To study abundance and its environmental determinants, one generally needs to characterize the shape of its statistical distribution, for instance through the use of a distribution model. In particular, when inference is based on a limited amount of data, having an a priori idea of the data distribution is particularly helpful.
We want to find a distribution model which could be applied generally for freshwater fish abundance data. This model should reflect data’s main properties: discretion, overdispersion, high proportion of zeros. We also wish to study the influence of various factors (e.g. species, site, mean abundance, sample size) on the performance of distribution models, so as to discuss the way environment and behaviour might influence the distribution of fish. Moreover, we illustrate a few consequences to considering an appropriate model for abundance count data, rather than a normal approximation, through the examination of confidence intervals around the estimate of mean abundance.

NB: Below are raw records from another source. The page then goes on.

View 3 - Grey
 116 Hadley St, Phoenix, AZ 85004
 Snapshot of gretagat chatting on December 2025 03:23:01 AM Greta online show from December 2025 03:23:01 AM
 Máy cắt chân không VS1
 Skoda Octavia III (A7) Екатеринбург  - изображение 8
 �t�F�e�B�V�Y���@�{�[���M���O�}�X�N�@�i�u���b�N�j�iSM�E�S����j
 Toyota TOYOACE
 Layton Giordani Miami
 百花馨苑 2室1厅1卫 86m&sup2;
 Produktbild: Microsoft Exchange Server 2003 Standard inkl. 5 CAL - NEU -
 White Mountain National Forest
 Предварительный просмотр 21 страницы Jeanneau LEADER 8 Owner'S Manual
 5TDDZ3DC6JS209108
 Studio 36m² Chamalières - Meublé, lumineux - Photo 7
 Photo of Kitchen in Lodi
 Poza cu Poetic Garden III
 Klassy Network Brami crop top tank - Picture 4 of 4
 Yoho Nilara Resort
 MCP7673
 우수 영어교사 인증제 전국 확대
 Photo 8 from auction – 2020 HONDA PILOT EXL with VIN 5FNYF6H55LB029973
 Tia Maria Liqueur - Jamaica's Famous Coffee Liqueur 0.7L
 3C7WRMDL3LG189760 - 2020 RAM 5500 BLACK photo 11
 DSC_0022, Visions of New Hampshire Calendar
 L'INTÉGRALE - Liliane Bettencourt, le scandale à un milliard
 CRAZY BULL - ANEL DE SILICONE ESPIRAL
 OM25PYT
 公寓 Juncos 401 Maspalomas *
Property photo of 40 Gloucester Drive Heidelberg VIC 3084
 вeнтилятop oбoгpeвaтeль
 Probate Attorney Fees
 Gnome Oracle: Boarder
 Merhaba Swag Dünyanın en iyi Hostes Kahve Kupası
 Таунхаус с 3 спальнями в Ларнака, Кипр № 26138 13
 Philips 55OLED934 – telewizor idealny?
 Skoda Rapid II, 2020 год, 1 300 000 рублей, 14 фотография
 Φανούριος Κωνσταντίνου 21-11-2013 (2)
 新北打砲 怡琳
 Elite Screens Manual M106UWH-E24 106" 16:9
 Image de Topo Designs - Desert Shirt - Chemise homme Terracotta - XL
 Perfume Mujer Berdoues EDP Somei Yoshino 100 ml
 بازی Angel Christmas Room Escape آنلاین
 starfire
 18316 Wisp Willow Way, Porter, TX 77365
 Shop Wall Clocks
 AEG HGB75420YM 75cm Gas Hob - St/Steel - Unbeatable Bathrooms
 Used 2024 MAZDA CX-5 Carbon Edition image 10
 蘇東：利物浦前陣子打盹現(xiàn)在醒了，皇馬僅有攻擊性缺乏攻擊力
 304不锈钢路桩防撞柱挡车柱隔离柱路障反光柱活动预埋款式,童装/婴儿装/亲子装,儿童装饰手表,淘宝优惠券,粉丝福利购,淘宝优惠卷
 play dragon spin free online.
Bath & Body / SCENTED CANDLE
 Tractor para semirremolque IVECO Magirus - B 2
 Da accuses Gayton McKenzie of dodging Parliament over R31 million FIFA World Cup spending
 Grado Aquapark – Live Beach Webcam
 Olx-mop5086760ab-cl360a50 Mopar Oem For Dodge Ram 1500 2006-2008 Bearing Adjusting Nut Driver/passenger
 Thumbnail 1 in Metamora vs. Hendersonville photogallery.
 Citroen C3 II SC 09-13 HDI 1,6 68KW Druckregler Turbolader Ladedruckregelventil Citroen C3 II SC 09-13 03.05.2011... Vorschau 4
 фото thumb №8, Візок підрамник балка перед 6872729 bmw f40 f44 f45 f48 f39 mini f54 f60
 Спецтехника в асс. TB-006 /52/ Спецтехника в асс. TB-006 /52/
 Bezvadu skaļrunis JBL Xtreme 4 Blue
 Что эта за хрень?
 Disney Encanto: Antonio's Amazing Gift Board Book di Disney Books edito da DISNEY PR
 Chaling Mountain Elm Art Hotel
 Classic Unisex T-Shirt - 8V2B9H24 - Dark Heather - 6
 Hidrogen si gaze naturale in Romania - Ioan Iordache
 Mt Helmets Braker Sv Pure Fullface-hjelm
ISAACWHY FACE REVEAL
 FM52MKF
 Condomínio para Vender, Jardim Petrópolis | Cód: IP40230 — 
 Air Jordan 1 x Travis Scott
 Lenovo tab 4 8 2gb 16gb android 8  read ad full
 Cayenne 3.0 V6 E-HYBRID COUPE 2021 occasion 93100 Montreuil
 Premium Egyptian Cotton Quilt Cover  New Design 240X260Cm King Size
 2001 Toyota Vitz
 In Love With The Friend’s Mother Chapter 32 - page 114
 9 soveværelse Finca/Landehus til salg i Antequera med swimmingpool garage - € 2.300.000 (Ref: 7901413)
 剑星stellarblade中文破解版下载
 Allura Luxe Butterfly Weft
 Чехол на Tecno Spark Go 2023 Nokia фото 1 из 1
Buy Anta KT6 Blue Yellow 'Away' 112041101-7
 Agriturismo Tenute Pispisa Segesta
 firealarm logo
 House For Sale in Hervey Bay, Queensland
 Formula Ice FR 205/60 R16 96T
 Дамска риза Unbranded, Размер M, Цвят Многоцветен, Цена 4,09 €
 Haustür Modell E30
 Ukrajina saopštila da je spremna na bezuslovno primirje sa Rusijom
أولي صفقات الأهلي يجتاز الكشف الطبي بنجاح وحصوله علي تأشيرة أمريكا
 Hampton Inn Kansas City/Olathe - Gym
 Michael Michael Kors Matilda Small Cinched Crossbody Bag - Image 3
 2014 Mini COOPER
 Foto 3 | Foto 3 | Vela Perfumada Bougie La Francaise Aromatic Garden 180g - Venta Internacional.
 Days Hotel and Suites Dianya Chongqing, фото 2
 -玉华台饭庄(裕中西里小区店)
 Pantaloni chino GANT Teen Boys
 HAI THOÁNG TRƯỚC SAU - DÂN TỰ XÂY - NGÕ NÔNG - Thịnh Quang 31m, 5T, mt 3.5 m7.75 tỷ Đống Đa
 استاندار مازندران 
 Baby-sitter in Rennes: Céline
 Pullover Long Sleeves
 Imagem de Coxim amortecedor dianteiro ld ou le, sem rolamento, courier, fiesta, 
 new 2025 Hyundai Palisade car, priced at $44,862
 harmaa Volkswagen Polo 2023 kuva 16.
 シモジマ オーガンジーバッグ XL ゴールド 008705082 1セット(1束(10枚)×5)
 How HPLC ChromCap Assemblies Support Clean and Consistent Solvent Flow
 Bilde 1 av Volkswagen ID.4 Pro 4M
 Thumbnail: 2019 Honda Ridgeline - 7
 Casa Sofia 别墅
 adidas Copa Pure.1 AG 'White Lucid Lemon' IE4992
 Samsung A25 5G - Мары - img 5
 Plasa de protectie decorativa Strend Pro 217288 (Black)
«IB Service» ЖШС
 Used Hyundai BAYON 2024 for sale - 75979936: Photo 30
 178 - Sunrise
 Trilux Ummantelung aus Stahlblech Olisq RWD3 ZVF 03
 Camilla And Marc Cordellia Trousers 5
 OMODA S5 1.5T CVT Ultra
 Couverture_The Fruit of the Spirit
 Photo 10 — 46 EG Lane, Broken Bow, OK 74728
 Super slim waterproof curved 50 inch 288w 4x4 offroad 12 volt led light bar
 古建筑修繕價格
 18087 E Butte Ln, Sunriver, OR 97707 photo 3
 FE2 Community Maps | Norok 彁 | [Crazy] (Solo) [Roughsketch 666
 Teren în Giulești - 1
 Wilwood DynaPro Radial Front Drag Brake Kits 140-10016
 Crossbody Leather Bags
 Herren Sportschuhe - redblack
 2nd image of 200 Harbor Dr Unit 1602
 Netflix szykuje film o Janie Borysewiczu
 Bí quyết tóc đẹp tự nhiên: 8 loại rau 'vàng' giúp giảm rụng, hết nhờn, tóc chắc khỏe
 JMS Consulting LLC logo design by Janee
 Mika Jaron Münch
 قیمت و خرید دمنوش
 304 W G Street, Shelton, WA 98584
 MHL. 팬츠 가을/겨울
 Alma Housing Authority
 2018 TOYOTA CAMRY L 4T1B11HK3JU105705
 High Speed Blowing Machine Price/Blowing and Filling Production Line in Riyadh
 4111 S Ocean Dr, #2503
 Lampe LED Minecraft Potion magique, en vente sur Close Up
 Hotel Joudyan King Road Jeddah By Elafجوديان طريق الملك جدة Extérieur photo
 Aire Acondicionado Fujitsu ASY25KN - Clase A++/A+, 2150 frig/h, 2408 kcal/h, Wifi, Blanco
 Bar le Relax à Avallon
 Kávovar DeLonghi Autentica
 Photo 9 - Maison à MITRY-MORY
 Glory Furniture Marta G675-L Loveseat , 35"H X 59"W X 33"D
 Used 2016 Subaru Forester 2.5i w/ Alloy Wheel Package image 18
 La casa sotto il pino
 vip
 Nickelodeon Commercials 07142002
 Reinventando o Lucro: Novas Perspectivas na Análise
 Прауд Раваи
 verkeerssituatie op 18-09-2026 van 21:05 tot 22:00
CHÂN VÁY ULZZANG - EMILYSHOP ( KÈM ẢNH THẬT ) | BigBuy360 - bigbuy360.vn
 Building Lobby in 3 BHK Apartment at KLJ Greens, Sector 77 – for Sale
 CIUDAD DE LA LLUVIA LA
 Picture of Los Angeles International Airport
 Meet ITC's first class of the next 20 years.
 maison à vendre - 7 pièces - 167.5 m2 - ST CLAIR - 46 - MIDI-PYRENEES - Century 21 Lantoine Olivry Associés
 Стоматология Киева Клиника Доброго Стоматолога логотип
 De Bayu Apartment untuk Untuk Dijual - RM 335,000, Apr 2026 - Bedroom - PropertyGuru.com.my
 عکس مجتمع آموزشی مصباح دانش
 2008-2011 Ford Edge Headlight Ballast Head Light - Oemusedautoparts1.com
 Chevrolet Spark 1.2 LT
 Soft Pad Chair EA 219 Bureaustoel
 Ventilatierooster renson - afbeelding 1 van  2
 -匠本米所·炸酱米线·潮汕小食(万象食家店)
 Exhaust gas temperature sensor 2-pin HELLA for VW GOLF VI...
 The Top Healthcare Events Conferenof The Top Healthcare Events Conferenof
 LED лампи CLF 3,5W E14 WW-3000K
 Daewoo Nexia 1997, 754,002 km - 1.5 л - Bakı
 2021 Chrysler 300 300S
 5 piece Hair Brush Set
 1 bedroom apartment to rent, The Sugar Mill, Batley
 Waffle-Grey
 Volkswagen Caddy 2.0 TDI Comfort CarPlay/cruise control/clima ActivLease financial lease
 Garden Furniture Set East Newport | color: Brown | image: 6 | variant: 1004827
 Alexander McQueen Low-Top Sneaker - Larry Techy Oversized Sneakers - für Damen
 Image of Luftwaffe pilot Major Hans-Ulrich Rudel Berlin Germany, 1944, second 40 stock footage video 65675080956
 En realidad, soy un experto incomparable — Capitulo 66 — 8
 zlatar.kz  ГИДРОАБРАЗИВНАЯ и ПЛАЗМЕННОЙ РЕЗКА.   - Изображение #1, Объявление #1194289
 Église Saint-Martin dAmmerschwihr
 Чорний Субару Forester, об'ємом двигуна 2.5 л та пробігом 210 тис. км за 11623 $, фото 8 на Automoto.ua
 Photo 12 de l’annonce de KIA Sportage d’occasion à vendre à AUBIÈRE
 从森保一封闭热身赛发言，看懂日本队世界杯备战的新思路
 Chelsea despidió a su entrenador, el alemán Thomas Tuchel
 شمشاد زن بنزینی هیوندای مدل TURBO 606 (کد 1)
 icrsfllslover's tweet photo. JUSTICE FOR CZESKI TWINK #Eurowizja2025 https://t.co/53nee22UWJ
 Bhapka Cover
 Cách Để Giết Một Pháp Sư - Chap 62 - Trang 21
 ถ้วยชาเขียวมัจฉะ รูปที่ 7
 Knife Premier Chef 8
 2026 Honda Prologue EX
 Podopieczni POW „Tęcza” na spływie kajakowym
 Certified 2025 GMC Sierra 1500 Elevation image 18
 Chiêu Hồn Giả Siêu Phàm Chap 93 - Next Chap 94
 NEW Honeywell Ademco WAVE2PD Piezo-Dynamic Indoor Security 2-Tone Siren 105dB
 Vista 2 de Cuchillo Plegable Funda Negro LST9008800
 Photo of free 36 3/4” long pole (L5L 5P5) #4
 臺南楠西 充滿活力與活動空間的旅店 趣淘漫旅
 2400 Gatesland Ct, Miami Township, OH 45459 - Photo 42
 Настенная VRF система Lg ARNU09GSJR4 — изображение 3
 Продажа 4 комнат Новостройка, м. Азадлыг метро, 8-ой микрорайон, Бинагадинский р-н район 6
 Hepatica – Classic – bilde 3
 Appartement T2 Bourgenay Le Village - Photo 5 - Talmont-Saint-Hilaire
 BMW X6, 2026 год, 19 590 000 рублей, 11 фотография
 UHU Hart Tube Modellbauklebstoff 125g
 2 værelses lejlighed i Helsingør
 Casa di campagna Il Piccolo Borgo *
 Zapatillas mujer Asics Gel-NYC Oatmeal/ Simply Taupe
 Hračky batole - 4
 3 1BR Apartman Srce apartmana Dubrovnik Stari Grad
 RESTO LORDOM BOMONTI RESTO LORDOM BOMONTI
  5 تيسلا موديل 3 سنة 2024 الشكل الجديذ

We study the distribution of 12 freshwater fish species of the Rhône basin, using a huge dataset consisting in repeated samples (each consisting of 20 to 180 counts) collected by electrofishing between 1985 and 2007. We fit four different models to each of our 2258 samples : a zero-inflated Poisson, a negative binomial, a zero-inflated negative binomial, and a two-part Pareto distribution models. For each sample, we fit these four models by maximum-likelihood and select one model according to the BIC criterion. We carry out logistic ANOVAs to assess the influence of factors such as species, site, mean abundance on the choice of one model among the four considered here. We calculate confidence intervals around mean abundance according to our best-performing distribution model, or through the normal approximation, and compare the results obtained through both methods.
Results/Conclusions
Overall, the negative binomial is the most often selected distribution model( 46% of samples). However, the goodness of fit depends a lot on sample features such as mean abundance: in particular, the zero-inflated Poisson model is selected in 56% of the samples whose mean abundance is weaker than 0.6 individual per point. Binomial negative-based confidence intervals are generally wider than confidence intervals based on a Gaussian distributional assumption (92% of samples), in particular when there are very few non-null counts. Besides, they are asymmetric and much longer on their right side, reflecting that mean abundance might actually be a lot higher than the observed mean, given the shape of the distribution.